Maw-Kuen Wu (; born December 6, 1949) is a Taiwanese physicist specializing in superconductivity, low-temperature physics, and high-pressure physics. He was a professor of physics at University of Alabama (Huntsville), Columbia University, and National Tsing Hua University, the Director of the Institute of Physics at Academia Sinica, the president of the National Dong Hwa University, and is currently a distinguished research fellow of the Institute of Physics, Academia Sinica.

Life and career
Born in Yuli Township, Hualien County, Wu is an ethnic Hokkien on his paternal side and spent his childhood in Taiwan.
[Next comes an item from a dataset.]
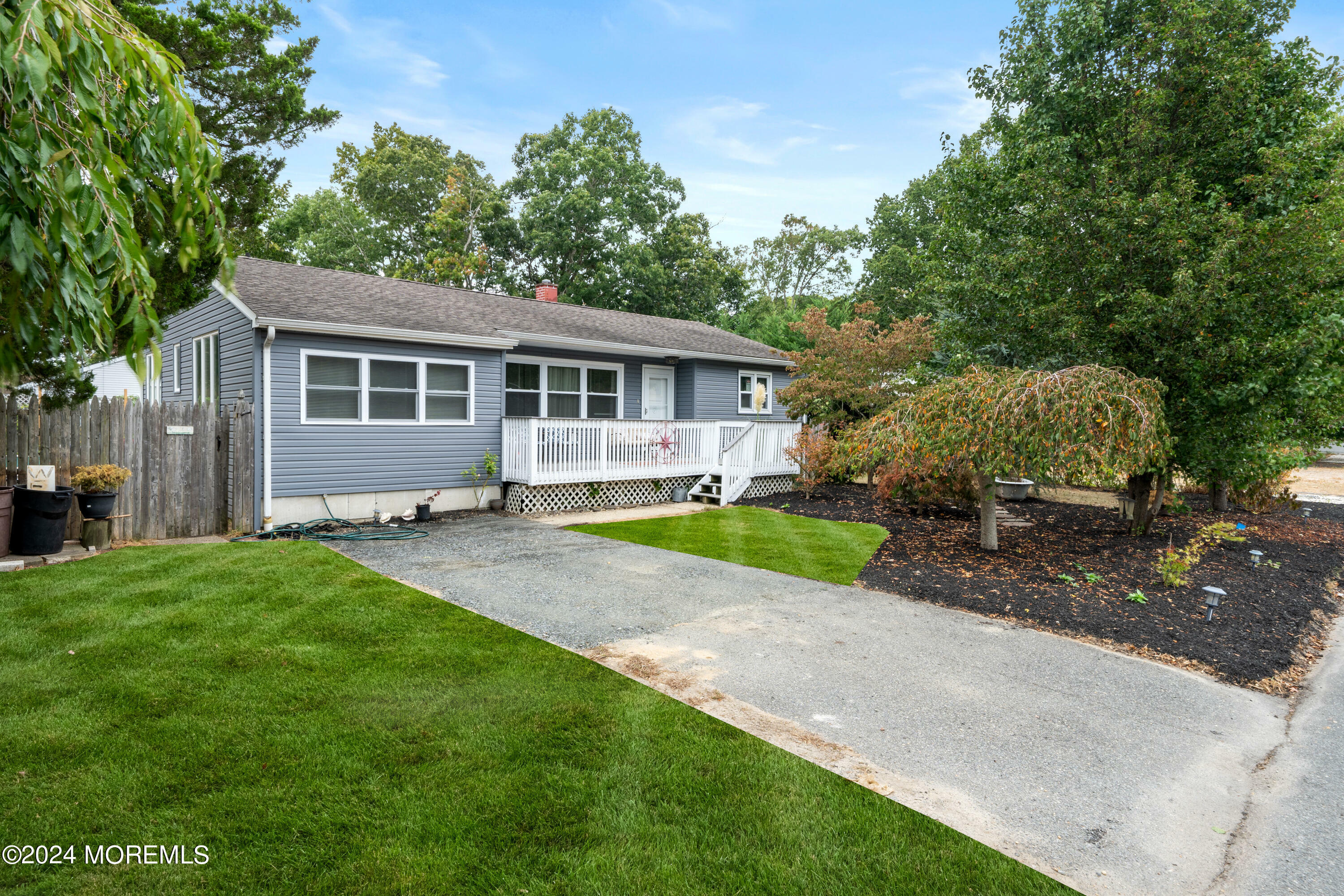 Property Photo:  230 Maple Lane  NJ 08731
He completed his Ph.D. degree at the University of Houston in 1981.

Wu worked as a research scientist at his alma mater for two years, before being taken on as an assistant professor of physics at the University of Alabama in Huntsville, and then subsequently promoted to professor in 1987. Along with Chu Ching-wu and  Jim Ashburn, Wu made the historic discovery of superconductivity above 77 K in YBCO in 1987. According to the Science Citation Index by Web of Science, Wu's 1987 work "Superconductivity at 93 K in a new mixed-phase Y-Ba-Cu-O compound system at ambient pressure" in Physical Review Letters (American Physical Society) has been cited for more than five thousand times by journal articles and considered influential in applied science and business.
Wu was then invited to teach at the National Tsing Hua University, and conduct further research in high-temperature superconductivity.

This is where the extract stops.